→ What you will do: Could you restate, exactly and with nothing added, the lines from the start of the data through the line that holds "Look with me", leaving the pictures out?

→ Data block:
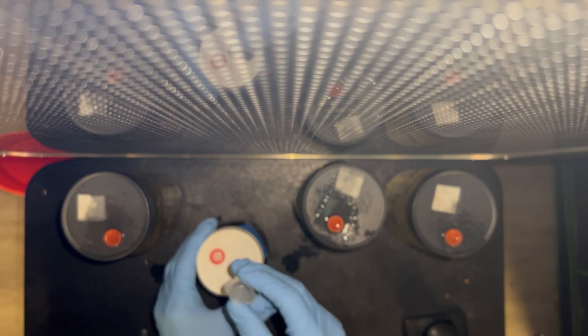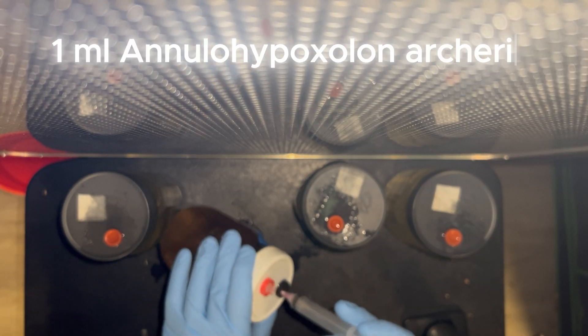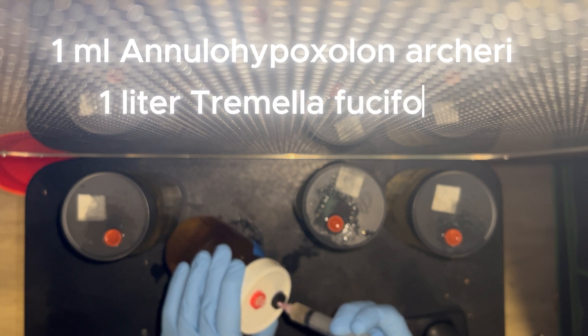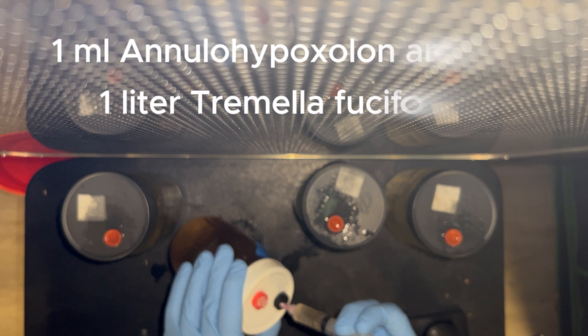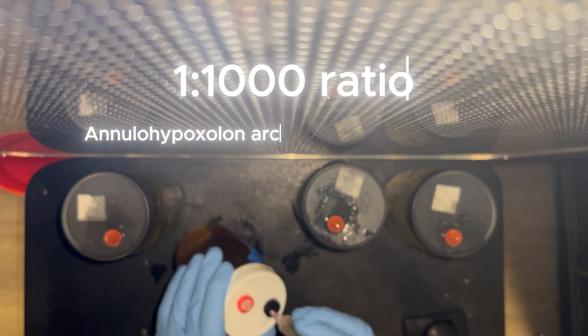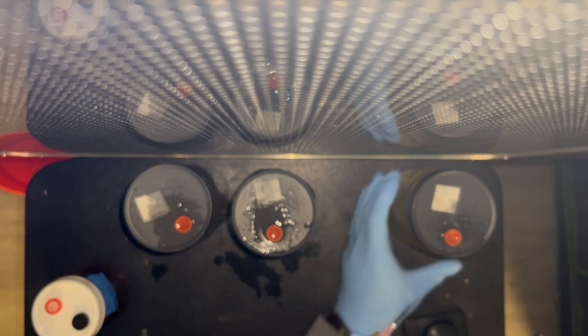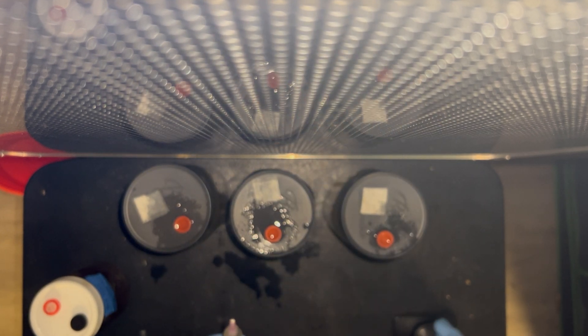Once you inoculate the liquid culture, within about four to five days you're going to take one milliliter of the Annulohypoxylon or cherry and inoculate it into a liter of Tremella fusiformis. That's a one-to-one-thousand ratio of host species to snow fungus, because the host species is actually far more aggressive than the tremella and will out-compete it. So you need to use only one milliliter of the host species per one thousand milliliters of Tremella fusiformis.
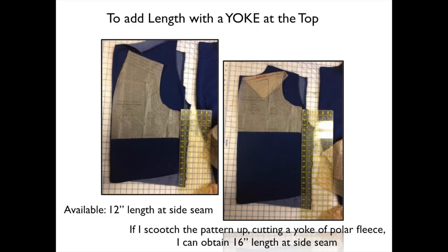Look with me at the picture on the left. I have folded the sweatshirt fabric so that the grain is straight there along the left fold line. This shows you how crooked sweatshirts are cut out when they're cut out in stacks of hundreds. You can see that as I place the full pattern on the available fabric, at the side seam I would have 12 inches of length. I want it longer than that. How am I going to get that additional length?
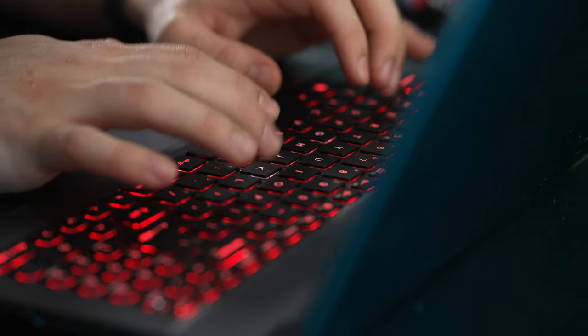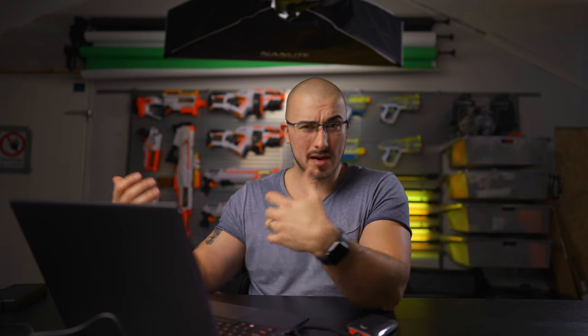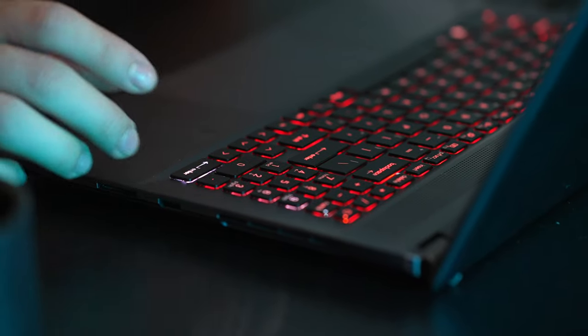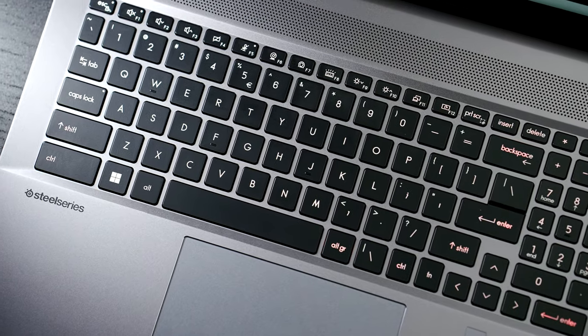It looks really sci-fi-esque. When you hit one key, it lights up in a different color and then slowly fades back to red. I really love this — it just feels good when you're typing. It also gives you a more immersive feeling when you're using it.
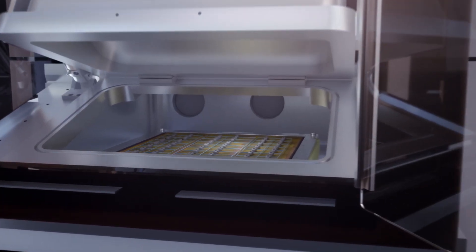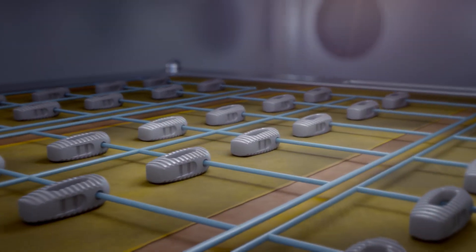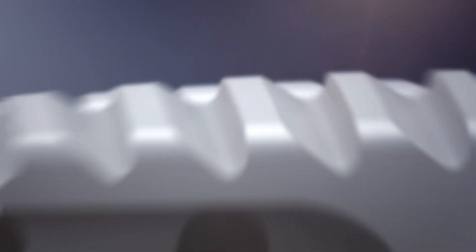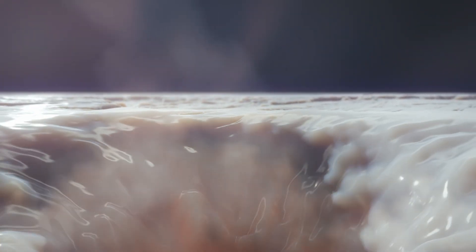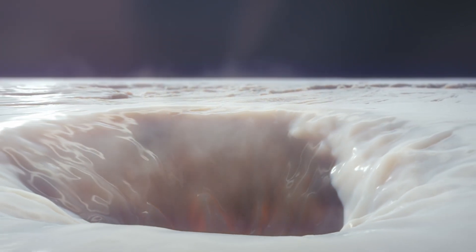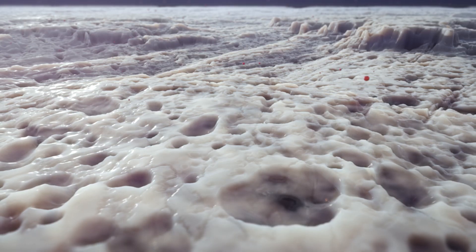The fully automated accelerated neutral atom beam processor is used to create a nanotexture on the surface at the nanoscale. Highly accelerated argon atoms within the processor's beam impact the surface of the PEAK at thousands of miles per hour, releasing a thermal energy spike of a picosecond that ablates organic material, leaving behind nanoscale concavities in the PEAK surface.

→ Response area:
Once you inoculate the liquid culture, within about four to five days you're going to take one milliliter of the Annulohypoxylon or cherry and inoculate it into a liter of Tremella fusiformis. That's a one-to-one-thousand ratio of host species to snow fungus, because the host species is actually far more aggressive than the tremella and will out-compete it. So you need to use only one milliliter of the host species per one thousand milliliters of Tremella fusiformis.
Look with me at the picture on the left. I have folded the sweatshirt fabric so that the grain is straight there along the left fold line. This shows you how crooked sweatshirts are cut out when they're cut out in stacks of hundreds. You can see that as I place the full pattern on the available fabric, at the side seam I would have 12 inches of length. I want it longer than that. How am I going to get that additional length?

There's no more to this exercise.